Organização busca mais parceiros

O avanço dos painéis coloridos pelas cidades depende de parcerias, avisa Luciana. Além do apoio da Pedra Forte, o projeto conseguiu parceria com a fábrica de chocolates Dengo, com sede na Avenida Faria Lima. Durante todo o mês de maio, o artista plástico Israël Lavi cobriu de cores os muros de cimento da empresa. "Precisamos do apoio de empresários, construtores, arquitetos e empreiteiros que apoiam a liberdade artística e queiram apostar na transformação de todos os envolvidos", disse.

O projeto não se encerra com a retirada dos tapumes ao fim das obras. "Os tapumes passaram a ser verdadeiras obras de arte e queremos, depois, que sejam perpetuados", afirmou Cinthya Achon Parada, diretora de marketing da construtora, com 35 anos no mercado imobiliário. "Vamos fazer um acervo e, além de uma exposição física, provavelmente em um parque, estamos planejando também uma exposição virtual para as pessoas adquirirem as obras", revelou Cinthya.

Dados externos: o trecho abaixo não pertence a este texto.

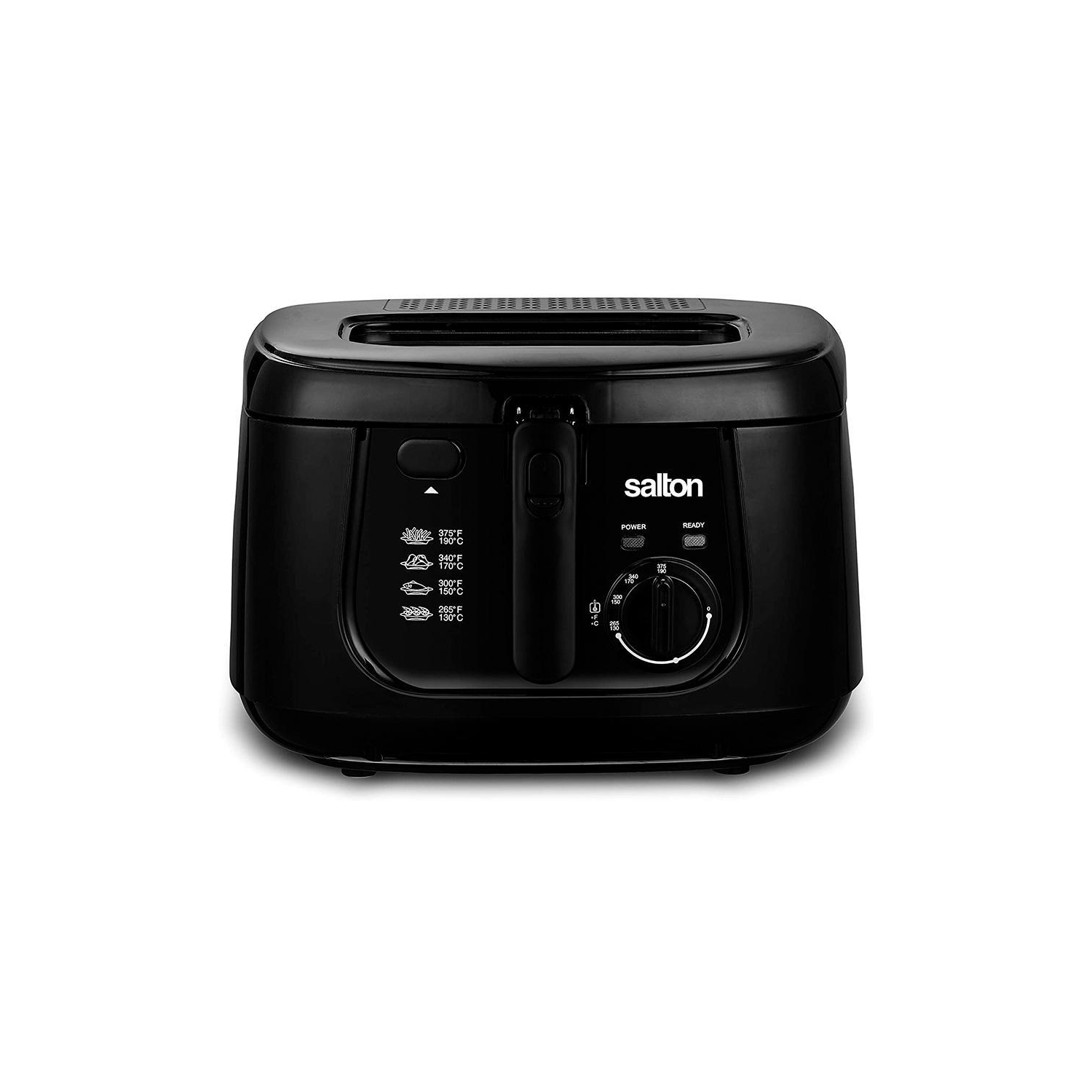 Salton DF1240BK Cool Touch Deep Fryer Black 2.5 Liters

Outra proposta em discussão é a venda de recortes dos tapumes em moeda virtual (bitcoin), com a renda revertida para os artistas. "A gente está desenvolvendo a ideia de vender parte dos tapumes em NFT, em moeda virtual, que é uma coisa diferente e bem atual. O projeto não será descontinuado. Há uma curadoria envolvida para que as obras se complementem. A ideia é que os trabalhos fiquem expostos em vitrines urbanas, em locais em que possam ser vistos pelo público", disse Luciana.